When he didn’t say anything, the captain added, “She might not have been taken. She could be just mad as hell, focusing on her road trip, and making a point with her silence.”

“Maybe for an hour or two. But not this long. Emma wouldn’t do that to Kate, and definitely not to their mother and father. She’s in trouble.”

“Then we’re going to find her.”

After they hung up, Murph made his way across the babbling water, then drove to the next possible location on his list, then the next, then the next. No sign of Asael or Emma anywhere.

Then only one address remained, an out-of-business printshop. They used to print the two local papers there, but one of the papers had folded, and the other one had gone to a bigger printer for a better price in West Chester. Murph wouldn’t have been surprised if theBroslin Chroniclefolded too and soon, or went completely online. People read the news on their phones these days.

The printshop was next to a razed strip mall right on the edge of town. Murph found a broken window and climbed in, searched every inch of the building, but found nothing.

He was walking to his truck, his mood as dark as the cracked blacktop under his feet, when he happened to glance up at the water tower across the road, and it jiggled something loose in his brain. He knew another place connected to Asael, didn’t he? Connected, like the apartment, through Mordocai aka Fred Kazincky.

Years ago, when Mordocai had kidnapped Kate, Murph had caught up with them an hour north of Broslin, on the edge of another small town, in the woods. Mordocai had tied Kate out as bait, then climbed a tree to hide behind the leaves and have high-ground advantage over Murph.

It hadn’t worked.

There’d been an old water tower behind the guy, which Murph had used to line up his shot.

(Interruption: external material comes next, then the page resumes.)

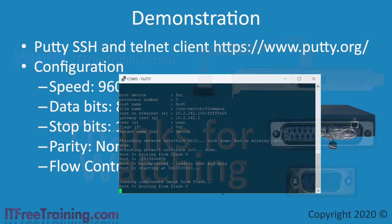That concludes this video on serial ports. I hope you found this video useful. Until the next video, I would like to thank you for watching.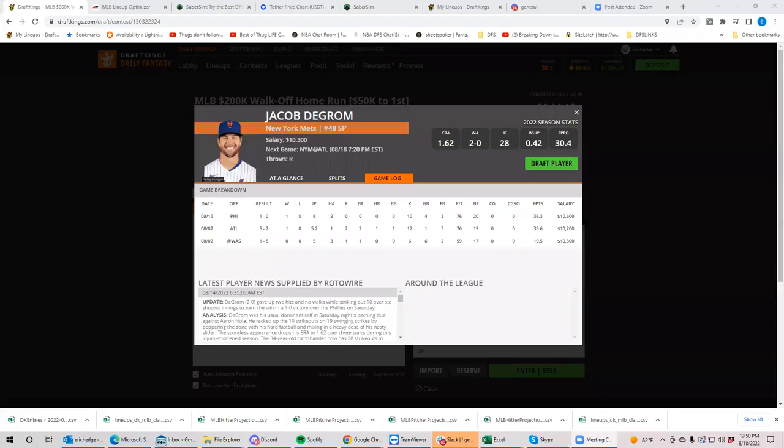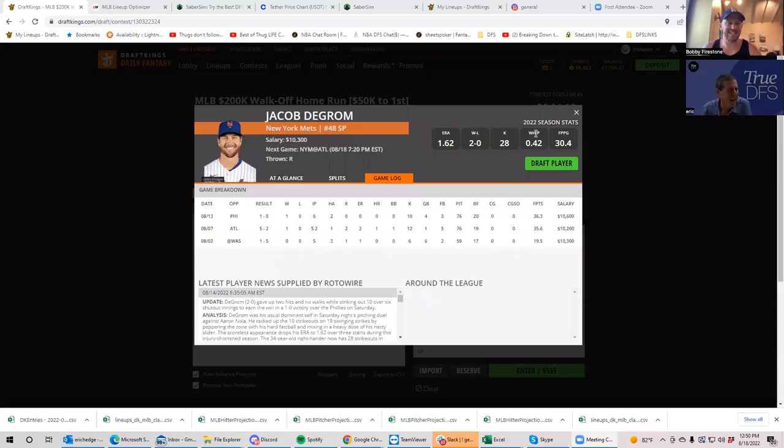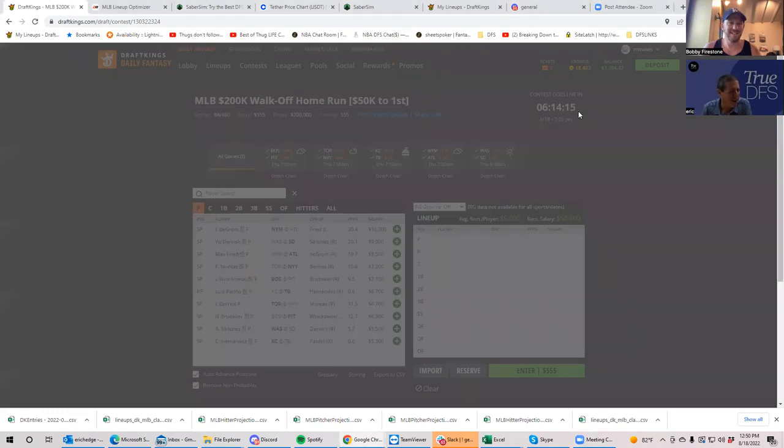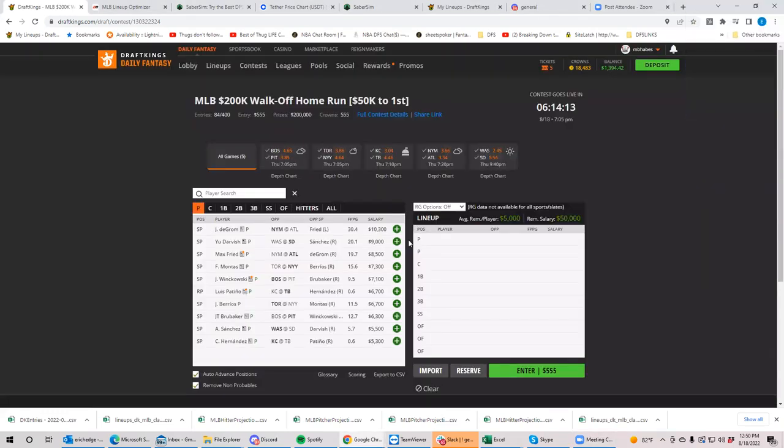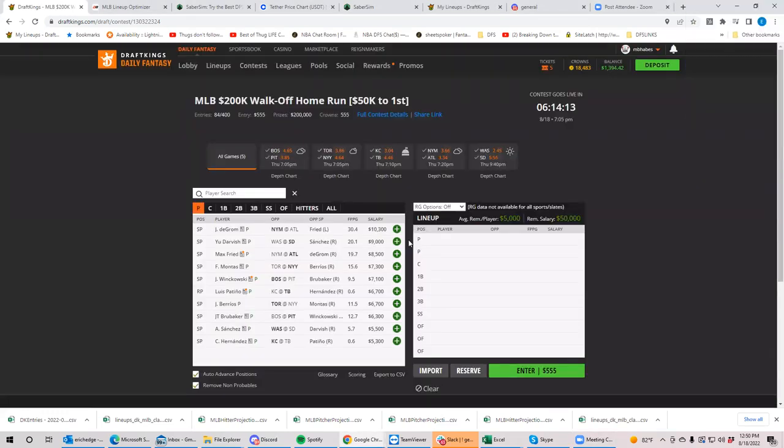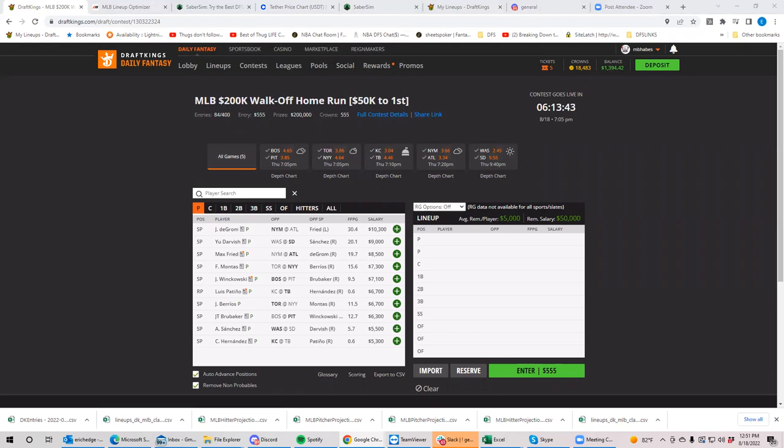And it seems like every night the Braves and Mets, whoever stacked either the Braves or Mets seem to win everything. And tonight, I don't think that's going to be the case, but you never know. So Sheets, what do you think about this tiny little slate? And then let's jump right into game for game.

Who the hell knew why Asael wanted Emma, what his twisted mind was thinking? Maybe the assassin meant to sacrifice her on the spot where his lover had died, to honor Mordocai’s memory.

Murph slammed on the gas, flying down the road as fast in the approaching twilight as his rattling pickup could take it.

He had no doubt that Asael’s end game was Kate. But killing her didn’t seem to be enough for the bastard. He wanted to punish her first, for having escaped him for so long, and for being the cause of Mordocai’s death.